Airtel’s global bond yields spike on concerns over telecom stress
The perpetual bonds are a quasiequity obligation without a fixed maturity and had a five and a half year non-call period, which means the debt cannot be repaid before this period.
The company’s offshore perpetual bond yields surged more than 200 basis points, pulling down prices from their October 7 launch levels as the debt papers changed hands in the secondary market.
The bonds were sold with a coupon of 5.65% and now yield 7.73%, dealers said. Asset managers, insurance companies, pension funds and banks across Europe, Asia and the US picked up the bonds. US Treasury benchmark yields, a key global gauge, rose 10 basis points in the past one month.
The perpetual bonds are a quasiequity obligation without a fixed maturity and had a five and a half year non-call period, which means the debt cannot be repaid before this period. ET could not ascertain the buyers and sellers in the secondary market transactions.
“Our perpetual bonds were issued by our subsidiary in Mauritius and are currently trading at a yield of 7.38%, pricing in the market benchmarks as well as company-specific events including the AGR judgement by Honourable Supreme Court of India,” an Airtel spokesperson said.
In absolute terms, the bonds worth $100 are now available at $90-91, according to data from a banker.
Indian telcos Vodafone Idea and Bharti Airtel are battling a fund crunch after the Supreme Court ordered them to pay statutory dues based on a wider definition of adjusted gross revenue (AGR) that includes income from non-core activities.
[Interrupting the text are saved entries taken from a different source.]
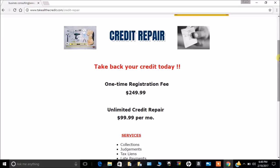We have unlimited credit repair for $99.99 per month — unlimited. That means if you have 10, 15, no matter how many inquiries or different things on your record, we can deal with those. There is a one-time registration fee of $249.99 that gets you all set up, and after that it's $99.99 per month.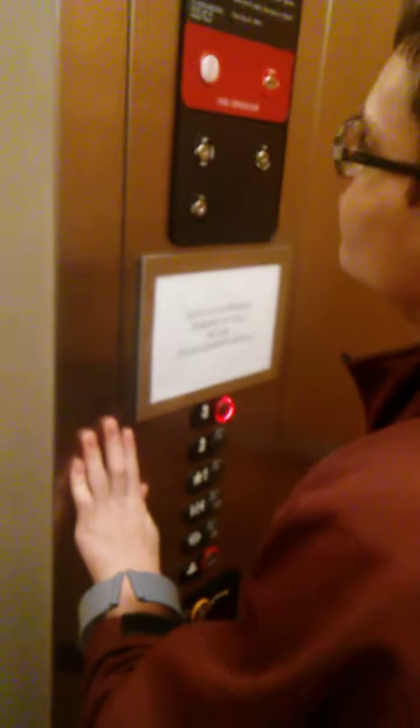Alright, this is the elevator at Holiday Express in Kent, Ohio. It's a ThyssenKrupp Aurora. I don't think you've ever seen a ThyssenKrupp that looks like this.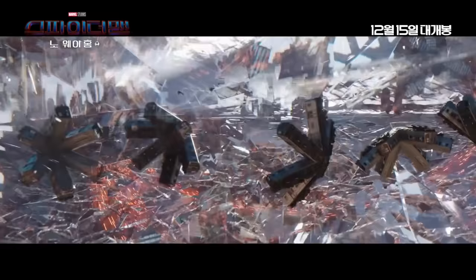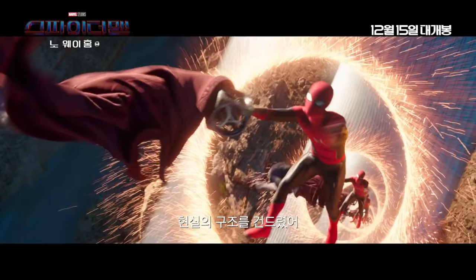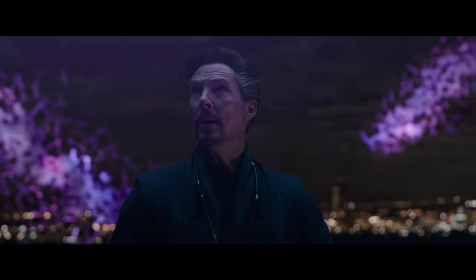The next few shots feature a lot of crazy Dr. Strange sequences, and these are some of the best visuals we've seen from the movie so far. The first shot shows the trains from a new angle, with Dr. Strange using his magic to try to grab the cube from Spider-Man, and it looks like he is nearly successful.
Some investors complained that the bonds were sold just about a fortnight before the SC delivered the verdict, said two senior bankers with direct knowledge of the matter.
“Had investors known about the imminent SC order, they would have either stayed away from the investment or demanded a higher yield,” one person said.
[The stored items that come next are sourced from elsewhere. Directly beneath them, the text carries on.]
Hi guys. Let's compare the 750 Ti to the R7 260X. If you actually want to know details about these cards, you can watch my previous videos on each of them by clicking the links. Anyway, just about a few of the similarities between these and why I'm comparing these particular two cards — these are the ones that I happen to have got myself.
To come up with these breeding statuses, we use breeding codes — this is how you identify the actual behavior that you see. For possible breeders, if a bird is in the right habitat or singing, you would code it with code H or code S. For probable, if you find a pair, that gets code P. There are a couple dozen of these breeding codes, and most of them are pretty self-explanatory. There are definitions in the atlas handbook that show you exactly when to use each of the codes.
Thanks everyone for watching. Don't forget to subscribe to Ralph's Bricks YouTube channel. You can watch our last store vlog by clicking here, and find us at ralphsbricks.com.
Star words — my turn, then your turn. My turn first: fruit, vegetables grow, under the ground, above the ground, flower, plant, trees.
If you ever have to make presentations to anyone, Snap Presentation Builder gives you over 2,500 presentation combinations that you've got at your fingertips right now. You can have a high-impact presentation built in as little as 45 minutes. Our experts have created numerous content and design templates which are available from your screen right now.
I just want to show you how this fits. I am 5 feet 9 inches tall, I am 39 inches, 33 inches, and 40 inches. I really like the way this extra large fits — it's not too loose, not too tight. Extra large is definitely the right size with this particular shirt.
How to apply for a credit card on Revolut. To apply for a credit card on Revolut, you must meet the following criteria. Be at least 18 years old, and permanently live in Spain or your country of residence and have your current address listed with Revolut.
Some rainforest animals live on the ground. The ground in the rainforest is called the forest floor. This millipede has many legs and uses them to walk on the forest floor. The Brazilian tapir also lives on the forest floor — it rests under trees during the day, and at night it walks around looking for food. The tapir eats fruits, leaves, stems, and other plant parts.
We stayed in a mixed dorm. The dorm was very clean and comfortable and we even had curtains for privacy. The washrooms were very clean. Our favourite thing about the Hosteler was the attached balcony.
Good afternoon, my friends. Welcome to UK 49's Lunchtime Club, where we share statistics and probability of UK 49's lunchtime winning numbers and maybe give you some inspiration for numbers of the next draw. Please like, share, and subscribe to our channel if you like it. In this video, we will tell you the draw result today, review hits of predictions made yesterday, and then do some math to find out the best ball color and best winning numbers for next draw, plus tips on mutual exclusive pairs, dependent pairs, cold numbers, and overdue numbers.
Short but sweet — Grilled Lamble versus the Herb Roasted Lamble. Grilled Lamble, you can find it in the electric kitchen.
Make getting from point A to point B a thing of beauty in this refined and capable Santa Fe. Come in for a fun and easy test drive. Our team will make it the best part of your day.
“All the bonds including the perpetual bonds have been issued basis all applicable global norms including those for disclosures post detailed due diligence by global lead manager banks,” the Airtel spokesperson said.
Airtel’s Global Yields Spike
Bharti Airtel raised $750 million through the subordinated perpetual security bonds issued by its wholly-owned subsidiary Network i2i Ltd. to reduce debt and strengthen its balance sheet amid eroding profitability and heightening competition. “Airtel used the money to repay all our debt,” said an executive from a local bank, which obtained full repayments.
ET first wrote about the fund raising plan on October 1.
Last week, Bharati Airtel again reached out to select investment bankers intending to raise a round of offshore funds via bonds. However, talks remain at a preliminary stage as the broader contours of the proposed fund raising exercise are far from final.
“It does not make sense for the company to go tapping overseas credit now as borrowing costs may jump amid the not-so-encouraging investor response,” said an investment banker who was earlier involved in the overseas bond sales. The company should wait as the government may come out with some dispensation, he said.
The government is expected to announce some relief measures for telcos this week.